• **Short text fragments from websites**:
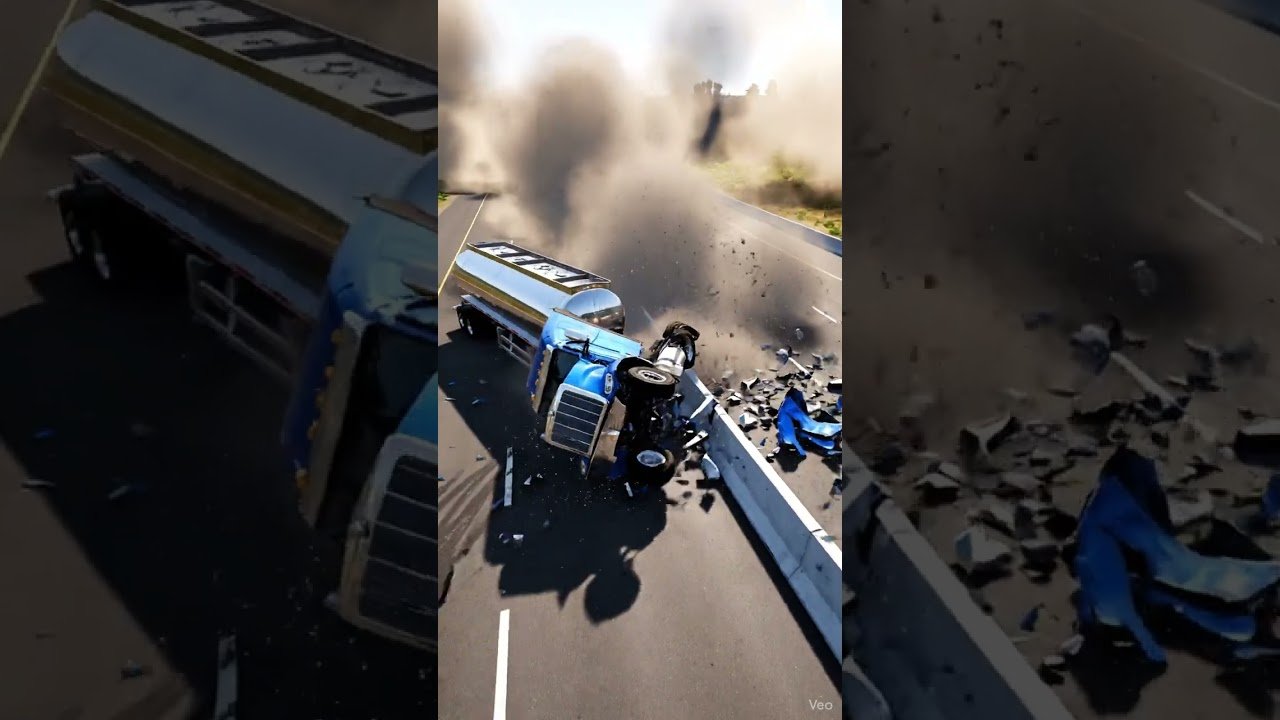 Truck Crashed BeamNG #beamng #beamngdrive #car #truck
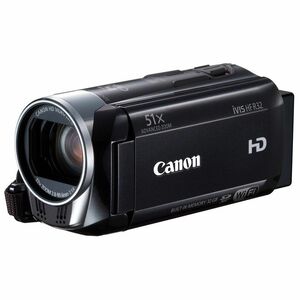 Canon デジタルビデオカメラ iVIS HF R32 ブラック 光学32倍 Wi-Fi IVISHFR32BK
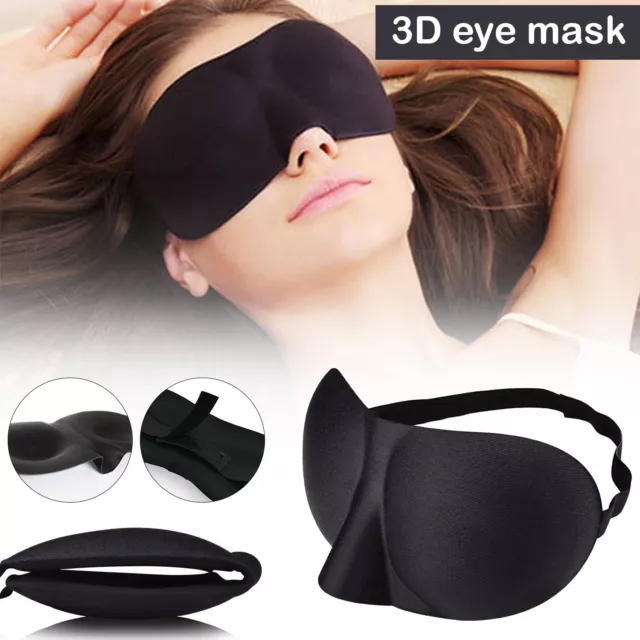 Eye Mask 3D Soft Sponge Cover Sleep Mask Luxury Blackout For Sleeping Men Women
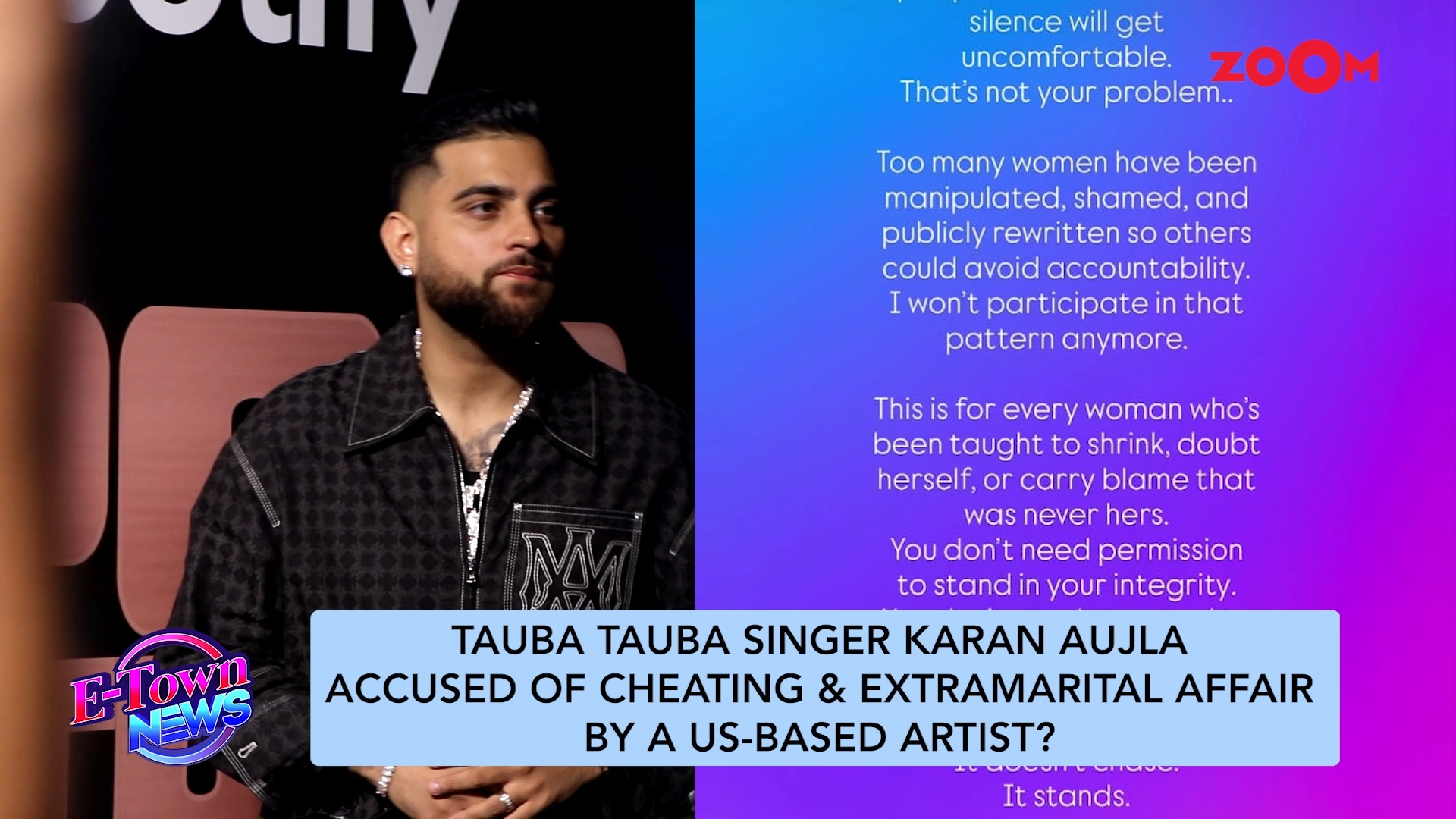 Karan Aujla has landed in the middle of a major controversy after a US ...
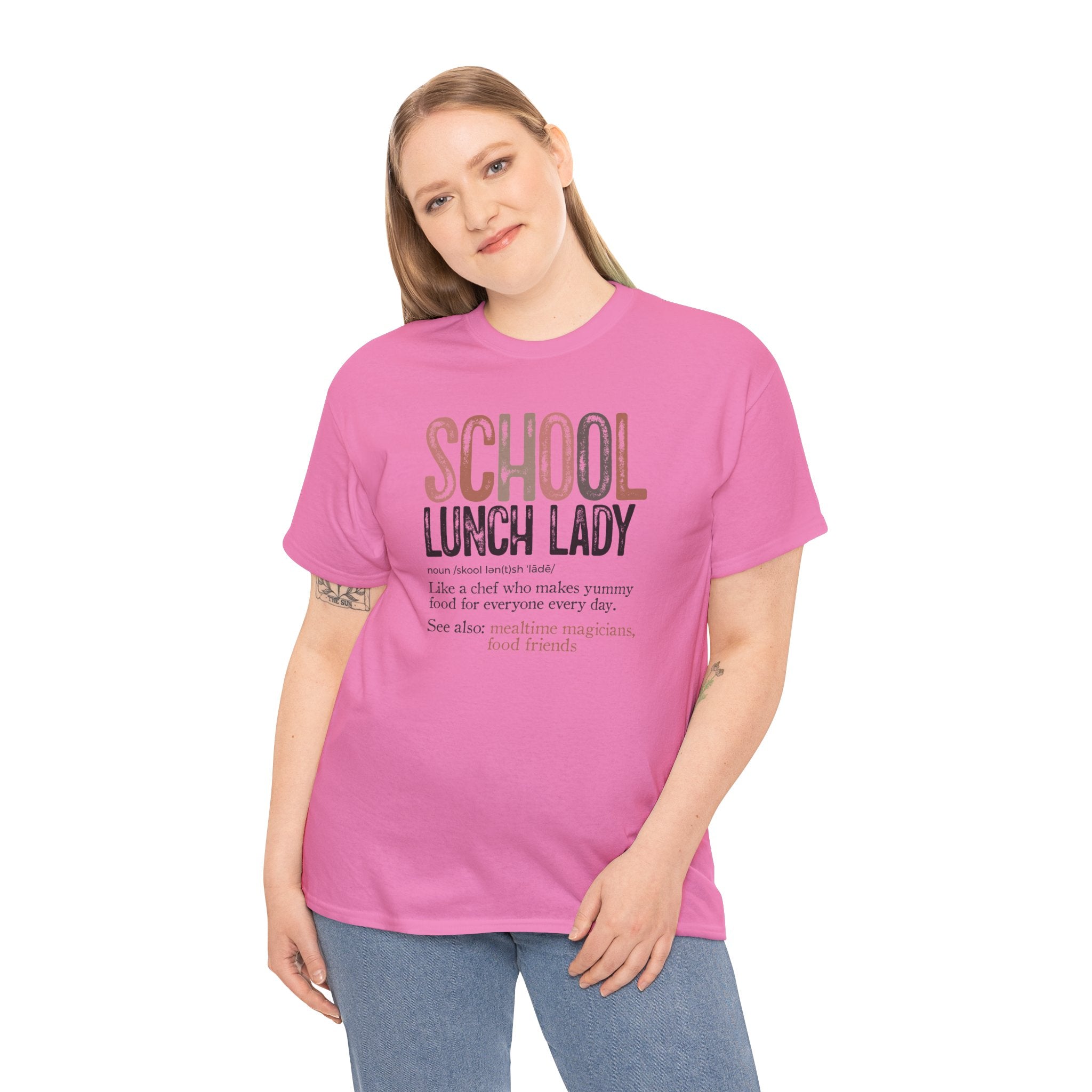 School Lunch Lady | Retro Cafeteria Staff T-Shirt | Cr8tive Designs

• **PROBLEM**:
No pictures belong in the copy. Retype exactly, and only, the lines from the line containing "Canon デジタルビデオカメラ iVIS" through the last line of the data, both included.

• **RESPONSE FOR THIS EXERCISE**:
 Canon デジタルビデオカメラ iVIS HF R32 ブラック 光学32倍 Wi-Fi IVISHFR32BK
 Eye Mask 3D Soft Sponge Cover Sleep Mask Luxury Blackout For Sleeping Men Women
 Karan Aujla has landed in the middle of a major controversy after a US ...
 School Lunch Lady | Retro Cafeteria Staff T-Shirt | Cr8tive Designs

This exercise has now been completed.